L’auteure y utilise une technique classique de désinformation : le “sandwich” de crédibilité.

Pour faire croire à une analyse objective, le texte commence par m’attribuer mon héritage de lutte contre la dictature, puis cite des experts de l’Instance pour détailler la méthodologie irréprochable de l’IVD. Mais entre ces deux couches de vérité, l’auteur glisse les pires rumeurs à mon encontre depuis la dictature de Ben Ali.

Plus de la moitié de l’article est en effet consacrée à ressortir de la naphtaline de vieux conflits internes de l’IVD, des rumeurs de mauvaise gestion et des plaintes d’anciens membres révoqués par le Conseil de l’IVD. Sous couvert d’objectivité, on dresse le portrait d’une femme autoritaire et contestée, installant ainsi dans l’esprit du lecteur l’idée que sa condamnation pénale ne serait finalement pas totalement imméritée.

Pourtant, la journaliste elle-même détruit son propre argumentaire au paragraphe 13, en admettant que “la personnalité controversée de Sihem Bensedrine et les critiques concernant sa gestion de l’IVD n’impliquent pas la solidité juridique des accusations de « falsification »”. Si elle le sait, pourquoi avoir passé 80% de l’article à mêler ces critiques à l’affaire pénale? Parce que l’objectif n’est pas d’analyser le verdict, mais de conditionner le lecteur à l’accepter.

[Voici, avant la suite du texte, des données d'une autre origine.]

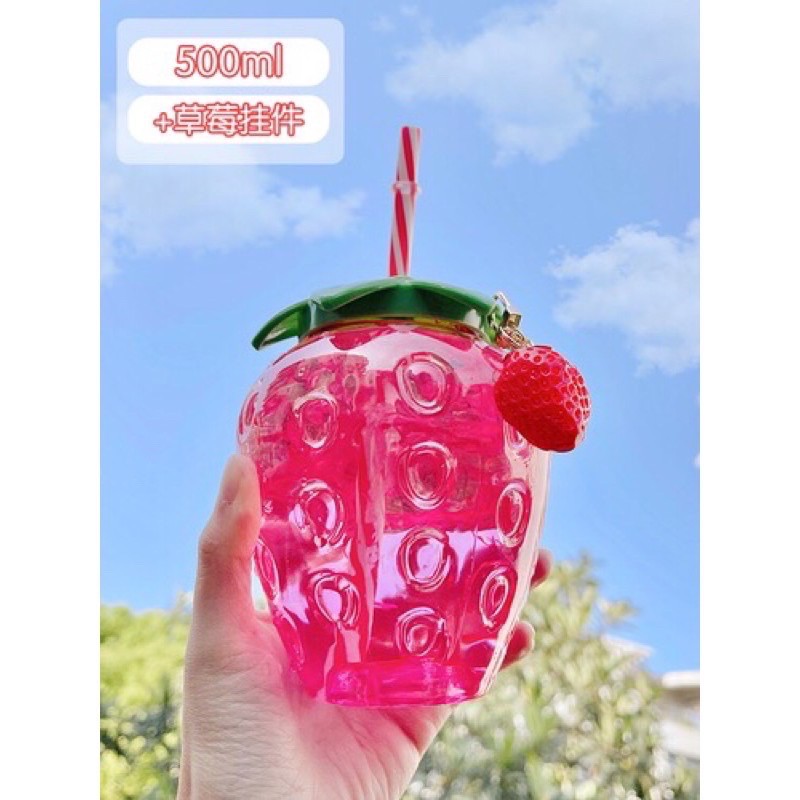 Ưu đãi lớn khi mua từ 2 sản phẩm❤❤Bình nước dâu tây ❤❤❤dễ thương siêu cute cực hót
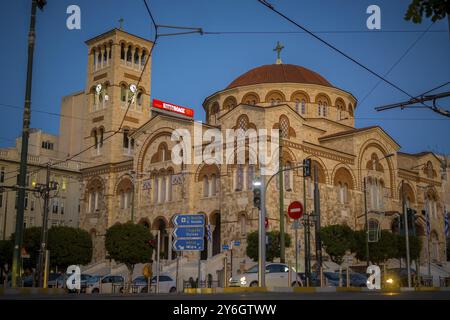 Piräus, Griechenland, 27. November 2023: Nächtlicher Blick auf die Heilige Dreifaltigkeit oder die Kathedrale von Hagia Triada in Piräus, bei Athen, in Griechenland, Europa Stockfoto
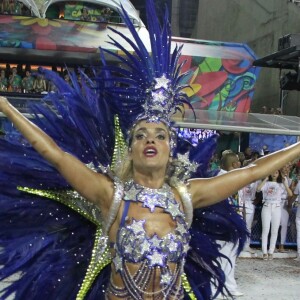 Monique Alfradique mostrou samba no pé no desfile das campeãs na Sapucaí
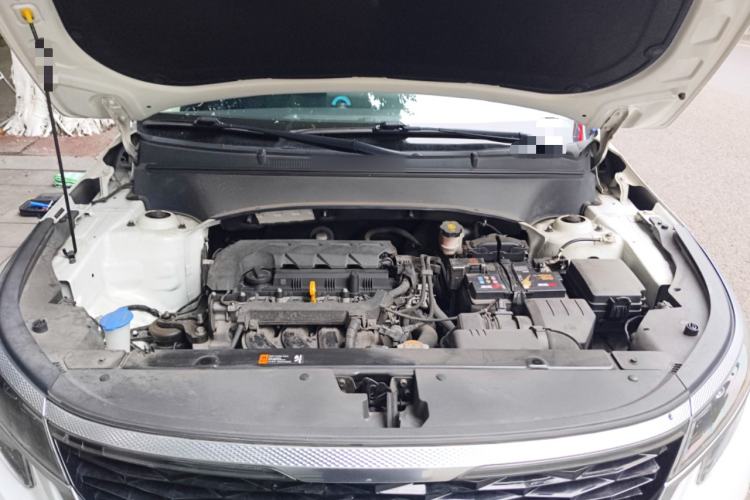 Used Kia KX3 2020 1.5L CVT Trend Edition Engine Bay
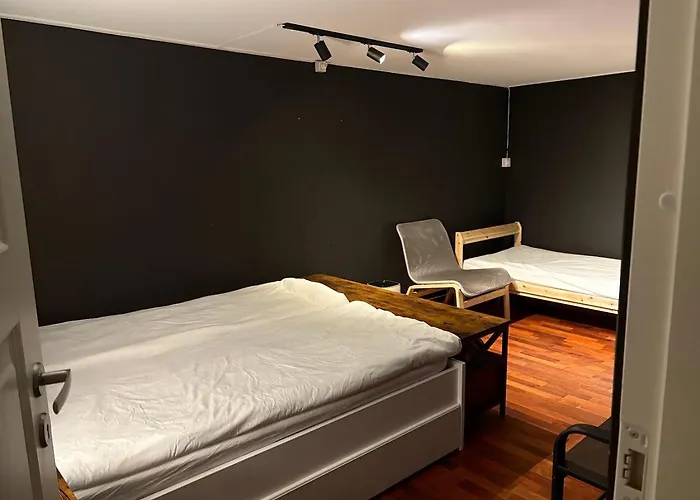 Large With Balcony - Downtown - Nearby Scandic Business Center Bus Stop 民宿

Sur le plan juridique, l’accusation de “falsification” concernant le paragraphe de la BFT est un faux procès éventé. Comme le rappelle mon avocat dans ce même article, ce paragraphe existait publiquement dès le 14 décembre 2018. Il n’a pas été “glissé” en secret, mais reporté dans la version finale selon les règles prévues par le procès-verbal du Conseil de l’IVD.

Sur le plan journalistique, l’auteure de l’article utilise des formules lâches pour enfoncer le clou, tel que l’usage du conditionnel sans aucune vérification : *”auraient fait l’objet de poursuites lancées à son initiative”, on l’anonymat : *”certains lui reprochent également d’avoir profité…”. C’est une technique de lâcheté journalistique : on lance l’accusation sans avoir à la prouver, en la faisant porter par des “on” indéfinis

En reliant une guérilla politique passée à une machination judiciaire présente, cet article ne fait pas le travail de la mémoire : il fait exactement le travail de ceux qui veulent effacer l’héritage de la justice transitionnelle. Discréditer le rapport de l’IVD en discréditant sa présidente : c’est le naufrage de l’esprit critique.